Skip to Content, Navigation, or Footer.
Thursday, April 18
The Indiana Daily Student

Students discuss race issues

Nearly 51 years after Martin Luther King Jr. addressed the nation with his dream of a future with equality, students are still working to make his dream a reality.

The Office of Diversity, Equity and Multicultural Affairs — along with a coalition of
student organizations — organized the ninth-annual Unity Summit at Alumni Hall.

The event attracted more than 300 participants Monday to engage in round-table discussions regarding racism, discrimination and advocacy.

“We’re just trying to promote a better and more welcoming environment,” informatics student Clark Mullen said.

Since 2005, the Unity Summit has sought to bring together students from different backgrounds to address issues affecting minority groups across campus.

Trained student facilitators guided the discussions to maintain open and cordial communication.

“The summit provides a great opportunity for the participants to discuss what can be done individually and collectively to make our environment more inclusive,” DEMA vice president James Wimbush said. “This is one of many opportunities for people to work together to create solutions.”

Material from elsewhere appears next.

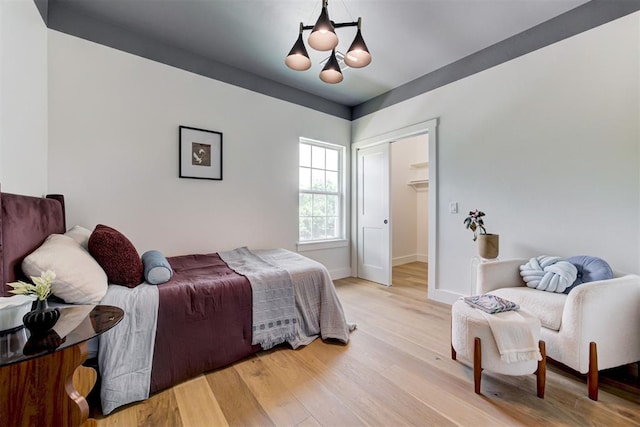1432 NE Euclid St, Oklahoma City, OK 73117 - bedroom featuring a chandelier, a closet, and light wood finished floors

A committee of students and staff members collaborated with various organizations across campus to organize the event.

And although the Unity Summit is a product of a collaborative effort by the University and the City of Bloomington, Eric Love — director of the Office of Diversity Education — said he views students as the core of making the project a success.

“Students are really the engine behind it all,” he said.

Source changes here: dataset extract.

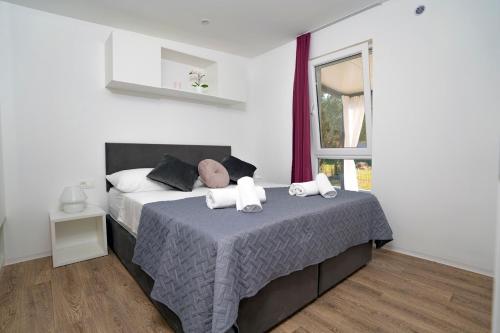 Postel nebo postele na pokoji v ubytování Adriatic Mobile Homes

Among the activities offered throughout the event, participants engaged in a small-scale version of the “Write Your Mind” initiative, which set up posters across campus with questions to gauge attitudes among minority students.

“Sometimes we’re empowered when we know people care about our issues and we’re not out there by ourselves,” Love said. “In a campus as large as IU, sometimes people of color and marginalized groups can feel very alone.”

Racial segregation was outlawed in 1964.

Love said he views lingering discrimination and lack of diversity as a societal work in progress.

“We feel that all the issues we’re dealing with are societal issues,” he said. “They’re not black issues, they’re not white issues, they’re not gay issues. We’re all engaged. We’re all involved in this.”

In commemoration of King’s call to non-violence, participants also took a pledge to “40 Days of Peace,” calling those who pledged to respond to incendiary comments with understanding.

Through unity and peace, Love said he hopes that the Unity Summit will elicit future cooperation among minority populations to fight for the common interest of equality.

“Any marginalized group working together is the only way we’re going to change the status quo and make a more fair and just society that King was pushing for,” he said.